Friday, 6 November 2009
Prototype wireless sensing camera
Here is Girton Labs's working prototype wireless sensing camera , transmits encrypted wireless images to a PC, lasts 1 year on small lithium cell, first application is for Assisted Living, i.e. those who live on their own. Captures and compresses all interesting daily images. Every room could have one. Should be reasonably to have it button sized, (one shown is a working proof of concept). Imagine it being like nerves all over your home, caring for you. Thermal images are scanned and compressed for interesting events in the home, people, doors opening and closing, fridge activity, cookers left on, radiators, fires, tv on/off. Useful also for energy management, can see heat from appliances switched on and wastage. Alternative version send text messages to cell phone on events. Could also send messages/images to Twitter. Other versions of camera can transmit normal wide angle images.
Current prototype sends colour thermal images to PC.

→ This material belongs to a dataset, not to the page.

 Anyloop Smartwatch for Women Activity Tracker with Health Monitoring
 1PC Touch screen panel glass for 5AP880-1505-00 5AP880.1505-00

Frequently Asked Questions.
Q. How is this different from SenseCam that you designed for Microsoft?
A. It uses a totally different method of sensing, patent filed, and so is new Intellectual Property.
Q. How else is different from the first sensecam?
A. I designed SenseCam for people with very severe memory problems. A person with Alzheimer's is forgetful and might mislay the camera and all of the day's recorded memory, this camera transmits data to a central server or PC. As camera has radio transmitter it can also be located by it's signal if lost, e.g. hidden under a cushion. There is no limit to number of images as transmitted to a large server.
The camera can be worn or fixed on ceiling of room.
Q. How do you get such long battery life?
A. Innovation adaptive clock technology, based on how mammals conserve power. Details available on signing of NDA.
Q. When is it available ?
A. Currently due for delivery to first customer this year.